§ YOUR TASK: Restate exactly, and only, the lines from the one with "Ciotolina in Porcellana con Fiore | HERVIT" through the end of the data, with both of those end lines kept. Drop any pictures.

§ DATA:

=== Begin Enclosure ===

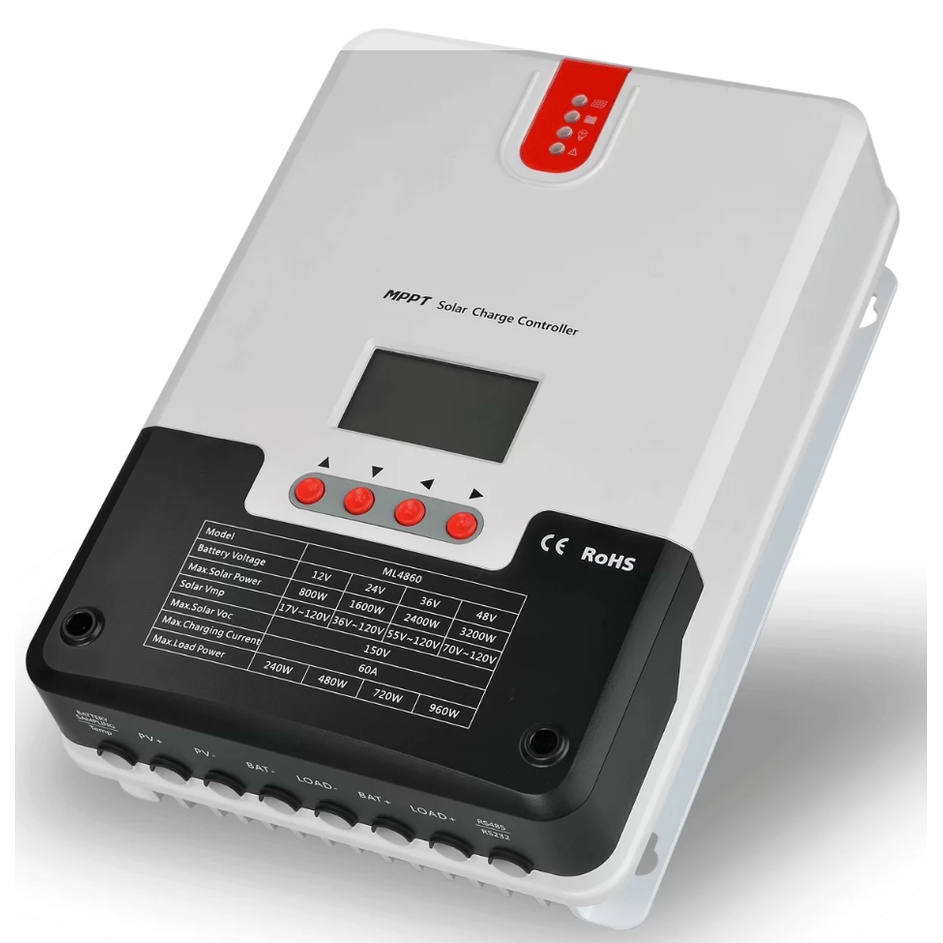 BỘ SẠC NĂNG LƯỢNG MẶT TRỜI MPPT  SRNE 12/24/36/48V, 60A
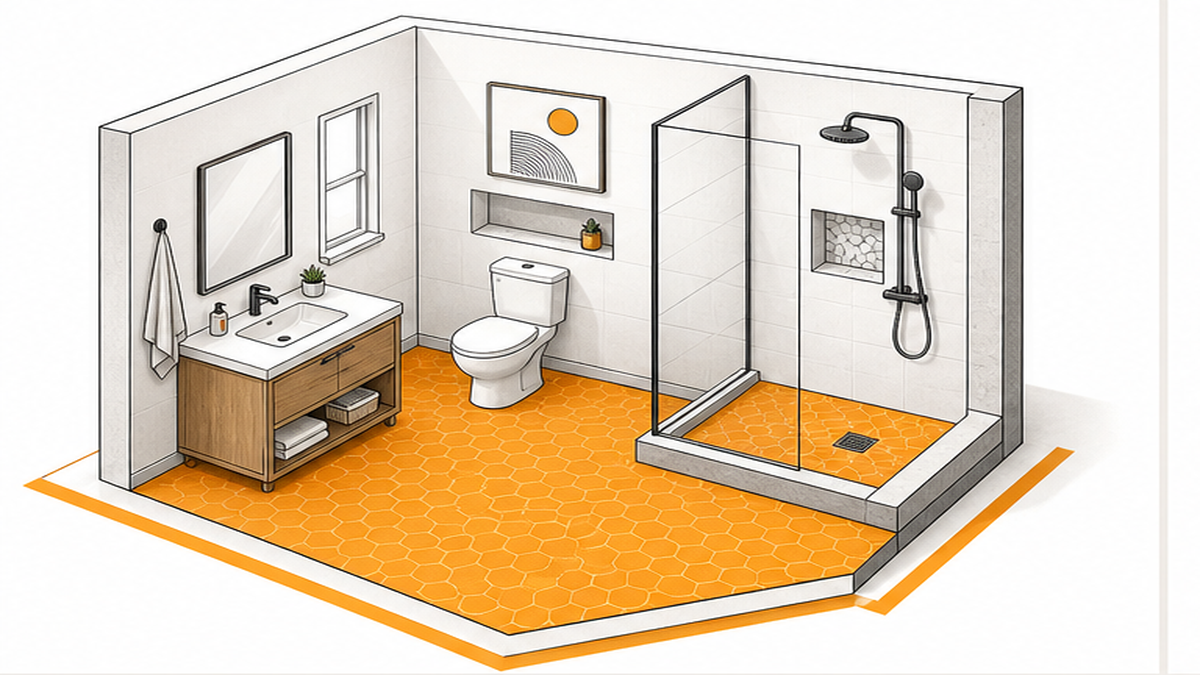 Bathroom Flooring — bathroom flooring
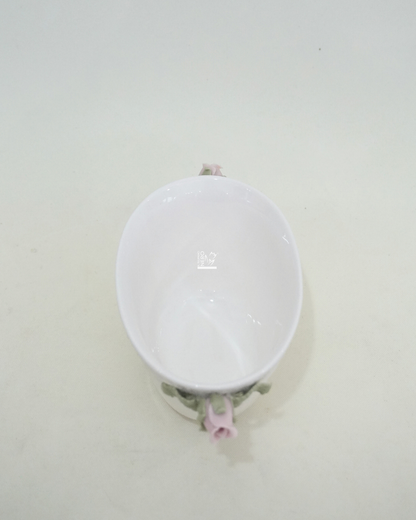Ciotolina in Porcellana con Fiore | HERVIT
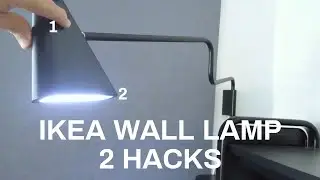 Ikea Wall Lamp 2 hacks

=== End Enclosure ===

§ FINAL ANSWER:
Ciotolina in Porcellana con Fiore | HERVIT
 Ikea Wall Lamp 2 hacks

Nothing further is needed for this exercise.